Epitafios: The Complete Series (2004)
"I'm going to punish him."- Bruno (Antonio Birabent)
Stars: Julio Chavez, Paola Krum, Cecilia Roth, Antonio Birabent, Villanueva Cosse
Other Stars: Luis Luque, David Masajnik, Lito Cruz
Director: Jorge Nisco, Alberto Lecchi
MPAA Rating: Not Rated for frequent gore and violence, adult themes, nudity, sexual situations, language, drug use
Run Time: 13h:00m:00s
Release Date: 2006-08-29
DVD Review[NOTE: There is a spoiler late in the third paragraph of this review.]
I suppose we have Thomas Harris to blame for the explosion of serial killer "entertainments" that popular culture has seen since the runaway success of Silence of the Lambs; that success has hardly been limited to America though; one of the more recent entries into an already crowded field is 2004's Epitafios (Epitaphs), an Argentinean mini-series that saw broadcast on HBO's Latino channel this year. Over thirteen episodes, the chase is on for a truly accomplished maniac, though his pursuers must surely rank among the most dense.

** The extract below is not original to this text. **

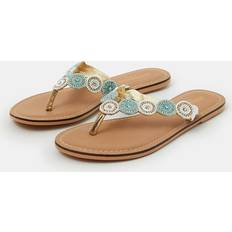 Accessorize Beaded Circle Flip Flops - White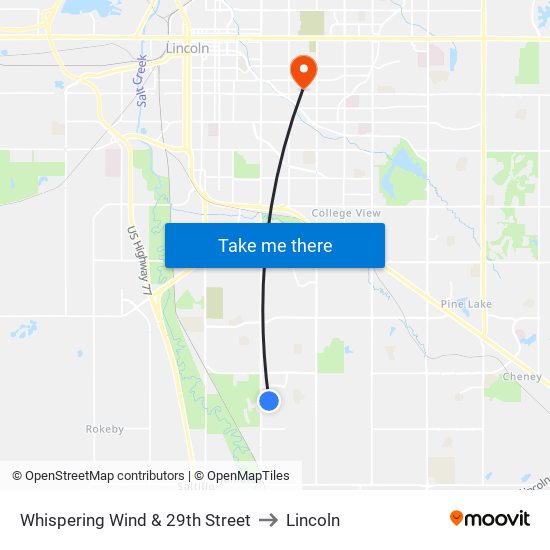Whispering Wind & 29th Street to Lincoln map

The story, apparently set in Buenos Aires, revolves around a five-year-old tragedy in which five high school students died after a failed rescue attempt. A serial killer has begun targetting everyone who played a role in the events leading up to the deaths, regardless of any actual guilt. Singled out for special attention are Renzo Marquez (Julio Chavez) and Laura Santini (Paola Krum), who each played vital parts in the rescue attempt. Renzo was a cop at the time, one of the best, we are told, but the tragedy led him to retire, a broken man. Laura, a psychiatrist, spurned Renzo's attempt at a relationship while counselling him. Now, he drives a cab and leads a barren existence, living with his father Marcos (Villaneuva Cosse), a gregarious ex-homicide detective. The killer, Bruno, (Antonio Birabent) taunts Renzo and company by sending hand-drawn epitaphs with clues to the next victim, all of whom are of course killed in fiendishly clever ways underlining their supposed offenses. Bruno, seemingly several steps ahead of everyone, knows Renzo and Laura very well.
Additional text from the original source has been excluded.